Avec un taux de chômage de 5,8 %, le plus faible des régions françaises, avec les Pays de la Loire, et très en deçà du taux national de 7,2%, la Bretagne se porte en effet plutôt bien. En 2022, l'activité économique est restée « dynamique » note l'Insee Bretagne. Première région française agricole, agroalimentaire et de pêche, elle est également dotée d'un tissu industriel diversifié dans des secteurs comme la métallurgie, l'électronique, le maritime/naval ou l'énergie.
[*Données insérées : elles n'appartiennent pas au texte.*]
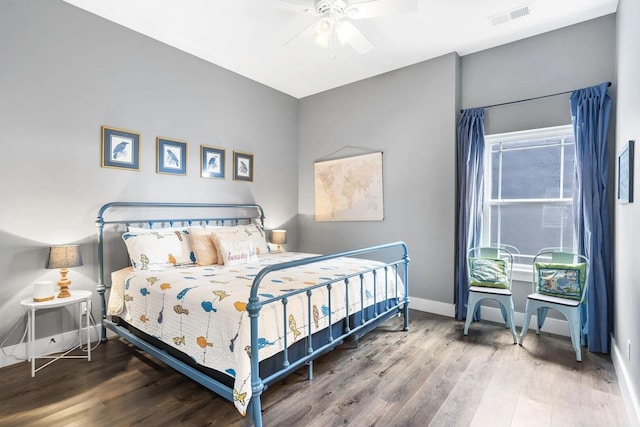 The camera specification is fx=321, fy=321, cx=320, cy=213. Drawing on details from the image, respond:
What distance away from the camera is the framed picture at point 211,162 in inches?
157

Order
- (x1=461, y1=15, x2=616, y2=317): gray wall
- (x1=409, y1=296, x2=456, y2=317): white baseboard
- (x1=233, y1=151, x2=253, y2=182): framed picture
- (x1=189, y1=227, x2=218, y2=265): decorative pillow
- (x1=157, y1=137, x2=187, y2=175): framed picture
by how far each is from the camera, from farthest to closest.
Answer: (x1=233, y1=151, x2=253, y2=182): framed picture, (x1=409, y1=296, x2=456, y2=317): white baseboard, (x1=157, y1=137, x2=187, y2=175): framed picture, (x1=189, y1=227, x2=218, y2=265): decorative pillow, (x1=461, y1=15, x2=616, y2=317): gray wall

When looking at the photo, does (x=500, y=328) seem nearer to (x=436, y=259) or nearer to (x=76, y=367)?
(x=436, y=259)

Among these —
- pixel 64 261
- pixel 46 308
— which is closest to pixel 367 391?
pixel 64 261

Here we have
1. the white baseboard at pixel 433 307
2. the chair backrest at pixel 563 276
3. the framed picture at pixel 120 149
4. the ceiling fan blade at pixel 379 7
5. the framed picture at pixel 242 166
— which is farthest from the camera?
the framed picture at pixel 242 166

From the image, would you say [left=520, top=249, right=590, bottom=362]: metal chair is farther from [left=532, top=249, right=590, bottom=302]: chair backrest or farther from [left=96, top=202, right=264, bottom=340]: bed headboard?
[left=96, top=202, right=264, bottom=340]: bed headboard

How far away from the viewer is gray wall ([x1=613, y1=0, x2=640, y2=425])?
188cm

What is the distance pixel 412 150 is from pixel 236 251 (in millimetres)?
2480

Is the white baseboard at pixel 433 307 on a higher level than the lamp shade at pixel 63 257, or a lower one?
lower

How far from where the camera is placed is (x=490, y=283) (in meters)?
3.21

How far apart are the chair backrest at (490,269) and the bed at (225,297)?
71cm

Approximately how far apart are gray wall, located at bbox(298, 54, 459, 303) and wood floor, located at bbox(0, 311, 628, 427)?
3.91 ft

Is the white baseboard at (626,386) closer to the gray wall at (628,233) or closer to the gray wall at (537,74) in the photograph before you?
the gray wall at (628,233)

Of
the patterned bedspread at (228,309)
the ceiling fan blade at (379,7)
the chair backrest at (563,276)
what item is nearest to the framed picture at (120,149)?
the patterned bedspread at (228,309)

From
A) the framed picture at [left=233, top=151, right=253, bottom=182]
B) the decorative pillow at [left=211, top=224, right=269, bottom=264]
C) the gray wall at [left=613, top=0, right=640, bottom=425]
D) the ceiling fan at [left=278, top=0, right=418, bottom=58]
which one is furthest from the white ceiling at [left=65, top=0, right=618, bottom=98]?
the decorative pillow at [left=211, top=224, right=269, bottom=264] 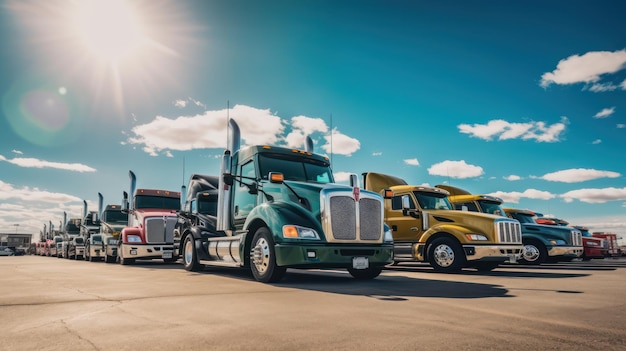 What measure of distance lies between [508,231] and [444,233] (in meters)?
1.59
Et elle se positionne aussi en pole position en matière de R&D dans le numérique, les biotechnologies marines et la cybersécurité.
Si l'attractivité touristique fait partie de ses atouts économiques, la Bretagne n'entend toutefois pas « devenir une riviera ou une maison de retraite » pour des parisiens en mal de mer, et souhaite répondre aux enjeux de souveraineté française et européenne dans les secteurs industriels clés.
« Assumer les transitions sans détruire le modèle »
« La Bretagne est une région qui assume déjà plus que sa part dans la souveraineté, en matière de défense nationale, de construction et de réparation navale » relève Loïg Chesnais-Girard.
« Elle est aussi leader dans la souveraineté alimentaire. Son chemin est d'assumer les transitions, de décarboner sans détruire le modèle. Je ne peux pas dire aux pêcheurs, on va fermer pendant un an ou deux, on va inventer un nouveau modèle puis on va rouvrir. C'est pareil pour la transformation du modèle agri-agro. Si l'Amérique du Sud décide de ne plus vendre de soja en Europe, en 5-6 jours on n'a plus de quoi nourrir le cheptel. Tout cela ne se fait pas du jour au lendemain » ajoute-t-il, défendant un rôle de « manager de l'équilibre »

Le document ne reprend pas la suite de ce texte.